A good friend of mine battling cancer provided me with examples of ethical dilemmas of even greater scope to think about, including "Are things always ethical even when they are against the law? What about euthanasia, use of experimental drugs, or the use of life extending procedures that aren't FDA approved? How do we justify the death penalty as morally ethical, when individuals at the end of their lives cannot freely elect to limit or end their own misery?" These are difficult questions about huge issues and almost impossible to provide "rubber stamp" answers in that every situation is unique. However, some of the business-related issues could be addressed by using common sense and acting in a trustworthy manner.

The following list, attributable to Frank J. Navran, director of training at the Ethics Resource Center, gives us a good overview of how to conduct ourselves in order to gain trust from our coworkers, managers and others.

  • Be proactive in reporting problems or errors -- be the first to report your own mistakes
  • Accept responsibility to fix what is wrong even if you were not responsible for making it wrong
  • Apologize
  • Show that the event was an exception
  • Tell how you will prevent its recurrence -- focuse on fixing the problem, not the blame
  • Invite public scrutiny of the issue and your proposed responses
  • Don't do it again

Set an example among your co-workers and for your staff by using good common sense. Let's look at the ethical nature of business meetings held during breakfast or lunch. Meals occurring in connection with business discussions or the development of business relationships are generally deemed appropriate in the conduct of ethical business. As a general guideline, business entertainment in the form of meals and non-alcoholic beverages is acceptable, as long as the meals are modest, infrequent and, as much as possible, conducted on a reciprocal basis. When was the last time you bought a vendor lunch? Entertainment in any form that would likely result in a feeling or expectation of personal obligation should not be extended or accepted.
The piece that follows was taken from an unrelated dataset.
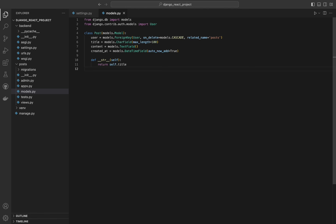On Delete Cascade ensures that when a user is deleted, all posts authored by that user are also deleted, maintaining referential integrity. The related name 'posts' adds a reverse relation, allowing us to access all posts by a user. The title field defines a string field with a maximum length of 100 characters, used for short text fields like titles. The content field defines a large text field suitable for storing the main body of the post. Unlike CharField, TextField doesn't require a max_length argument and is used for longer text.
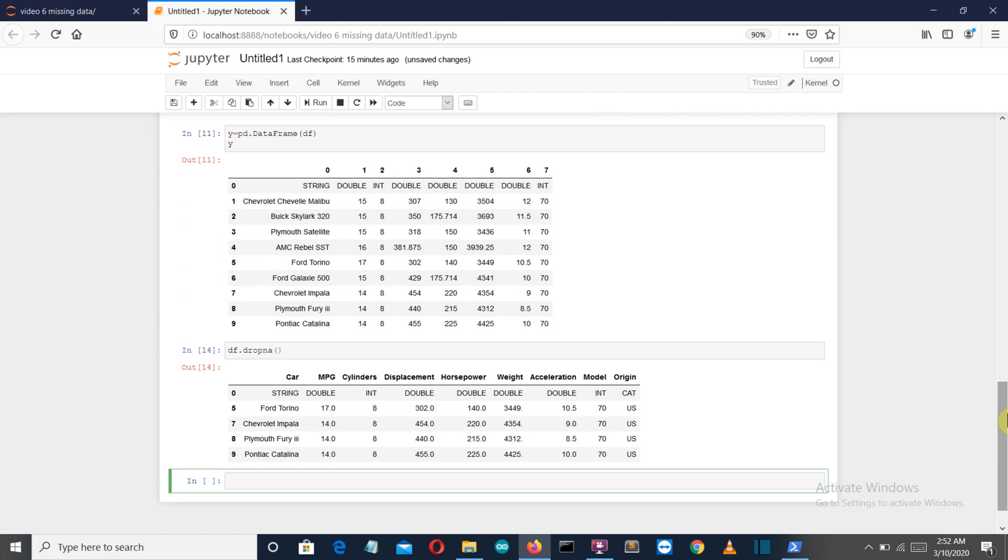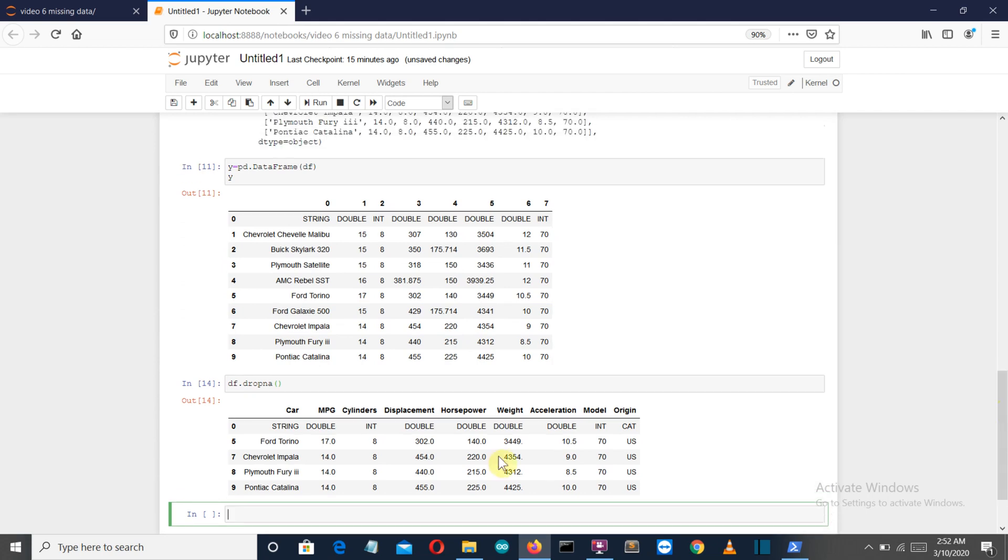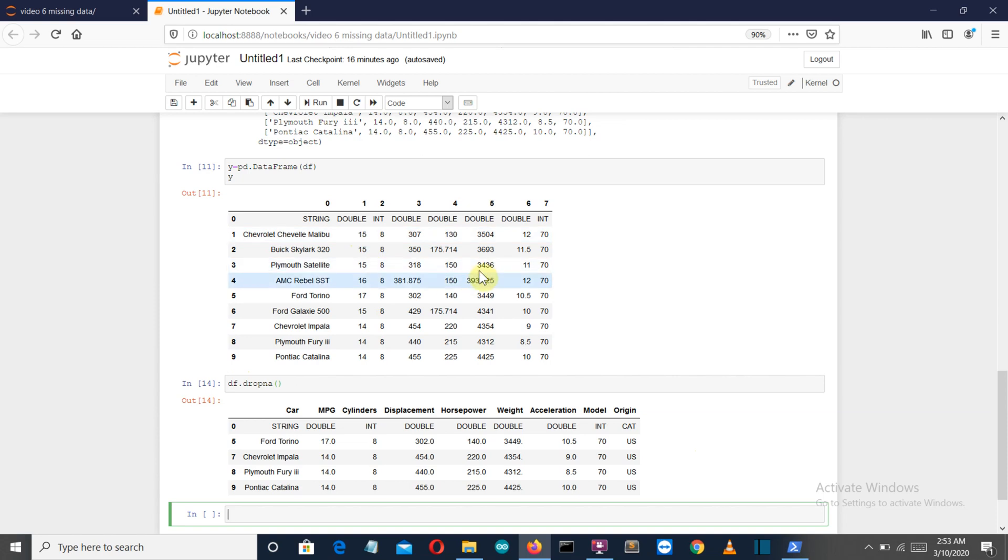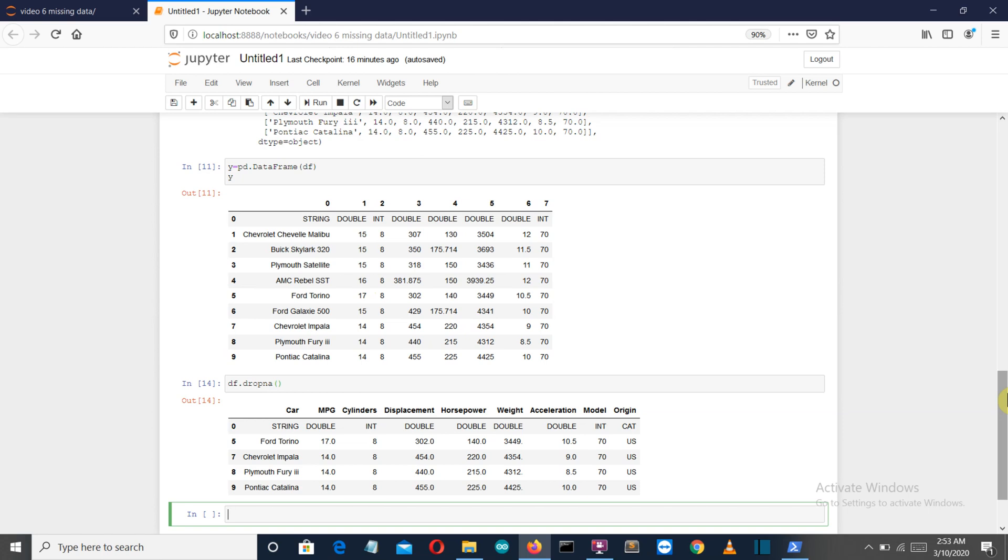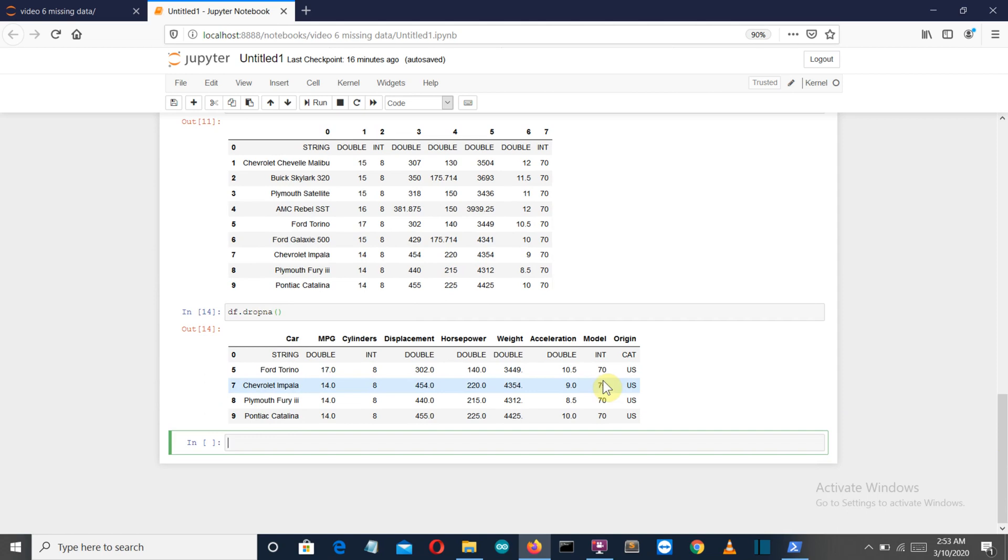All the rows with null values are removed. What you can also do is provide a threshold value up to which the row stays. If the number of null values exceeds that threshold value, then that row is eliminated. Let's say this row had two null values and we define the threshold to be one.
If you have any doubt about the appropriateness of a situation, seek input from your immediate supervisor as to whether a gift or entertainment might be compromising or could be considered unreasonable under the circumstances. Remember, the significance of the gift often lies not in the dollar value, but in the circumstances surrounding the gift and its acceptance. When in doubt, check with your manager or consider talking to your organization's human resources staff.

Don't gossip about co-workers, vendors or other organizations. What you repeat could be harmful to someone, or even slanderous, and you just don't need that hassle when you're trying to get work done. Here's a good saying to remember when you're tempted to dish dirt about someone or something: "Small minds talk about people; mediocre minds discuss events; great minds communicate about ideas."

I'm sure that all of my fellow healthcare professionals possess great minds.

I'll leave you with one last thought to ponder. Bob Dunn, president and CEO of San Francisco-based Business for Social Responsibility, said, "Ethical decisions aren't as easy as they used to be. Now, they're the difference between right -- and right."

Bryant Broder, ACSP, is the immediate past president of the American Society for Health Central Service Professionals, and is the manager of surgical processing at Saint Mary's Health Services in Grand Rapids, Mich.